But protecting public officials from actual physical assaults like throwing a loved one’s ashes or vials of blood at them, ensuring orderly conduct of public business, or civility at guest lectures need not involve reckless prosecutorial overreach and blatant violations of protected activity under the First Amendment.
As press deputy for three Los Angeles County supervisors, over the course of 26 years I personally attended more than 1,200 weekly public board meetings. I’ve seen my share of inappropriate and disruptive behavior.

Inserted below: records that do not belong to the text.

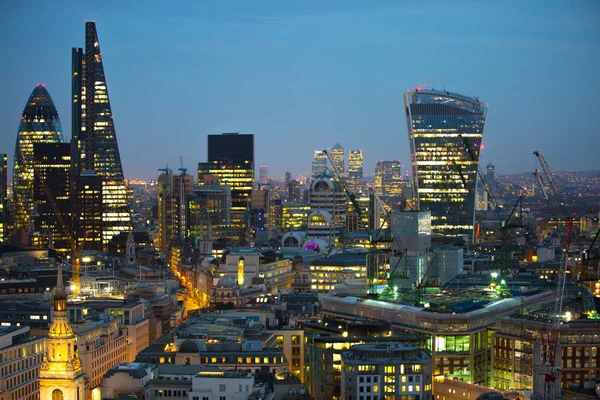 ロンドンの街の夜景です。ロンドン、英国 — ストック写真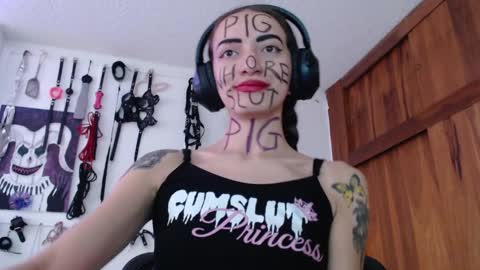 Snapshot of eloise_brown_ chatting on 01/07/25, 10:19 Chelsea Please help me to reach 100 thumbs up online show from 01/07/25, 10:19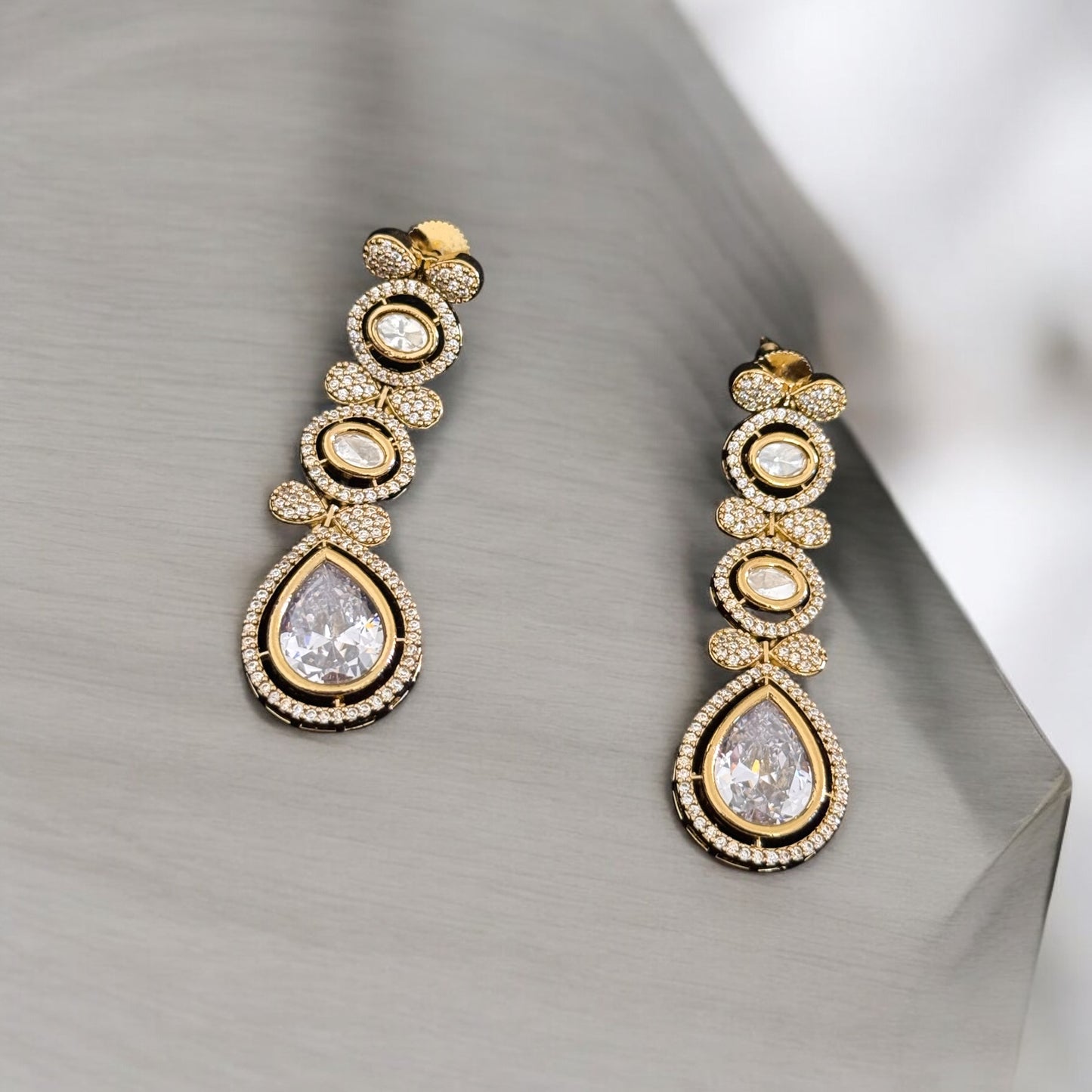 Apachi Kundan Necklace set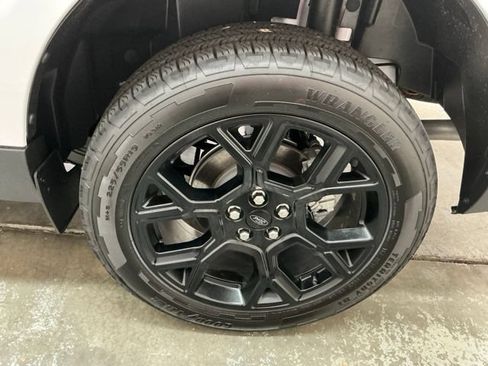 New 2026 Ford Maverick Lariat w/ Black Appearance Package AWD/4WD image 12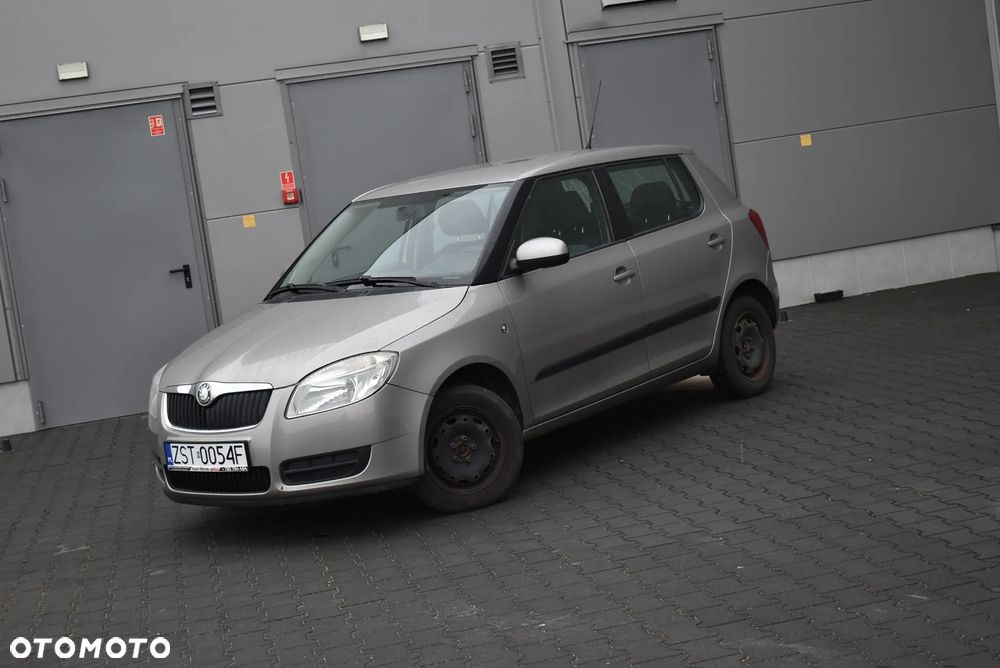 Skoda Fabia - 23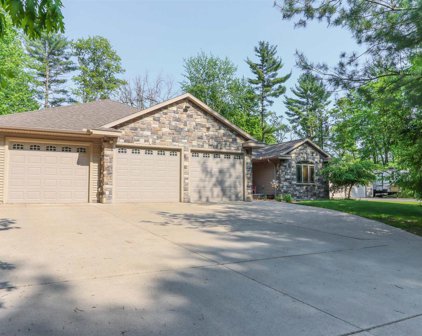 2221 Carriage Court, Wisconsin Rapids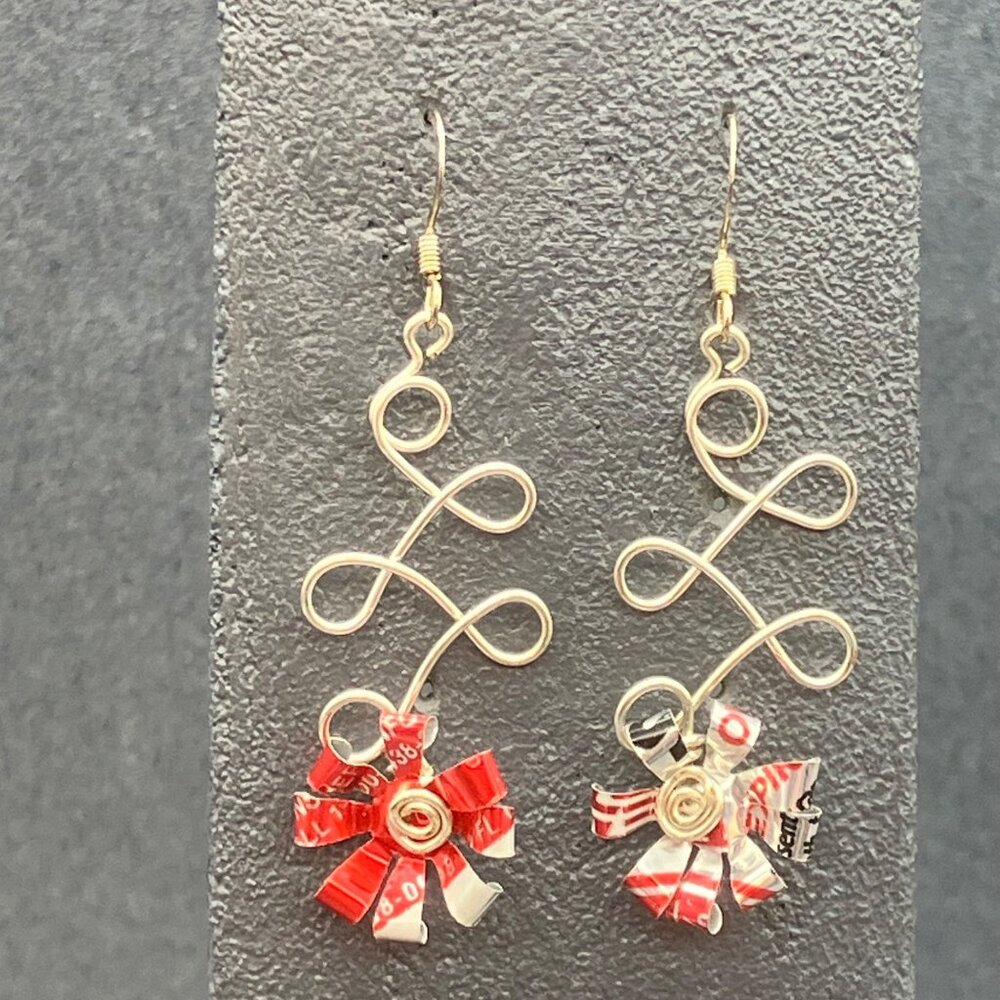 Aluminum Wire Swirl Earrings Handcrafted Recycled Soda Can Flowers Dangle Retro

Speakers exceeded their time and had their microphone cut off, sometimes even refusing to leave the witness box. Gadflies sometimes hurled abuse, insults and expletives (but nothing more than that) at the supervisors. Rowdy audience members sometimes had to be quieted, calmed, and rarely, even physically removed so the public’s business could continue.
Never once, to my knowledge, was anyone ever criminally charged for any behavior that was expressive speech, however annoying and even offensive it might have been. Nor should they have been.
We never experienced an incident like that at UC Irvine, where in 2010 a group of Muslim students successfully mounted a concerted effort to shut down completely a scheduled speaking appearance by the Israeli ambassador Michael Oren.
And even then, Erwin Chemerinsky, then the UCI law school dean and a renowned constitutional scholar, argued against the Orange County district attorney’s criminal prosecution, saying the students’ subsequent administrative discipline was punishment enough.
In the majority of these cases, officialdom can appropriately deal with mere speech disturbances and disruptions through a little patience and a little indulgence of even rude speakers who, if they won’t stand down, can be asked to leave or physically removed from the venue so business can proceed.
In an era of unprecedented presidential lawlessness and abuse of power, throwing the book at a powerless few who try to speak out against it seems almost perverse.
There’s an ill wind blowing across our land, and you don’t need a weatherman—or a Maoist revolutionary—to know which way.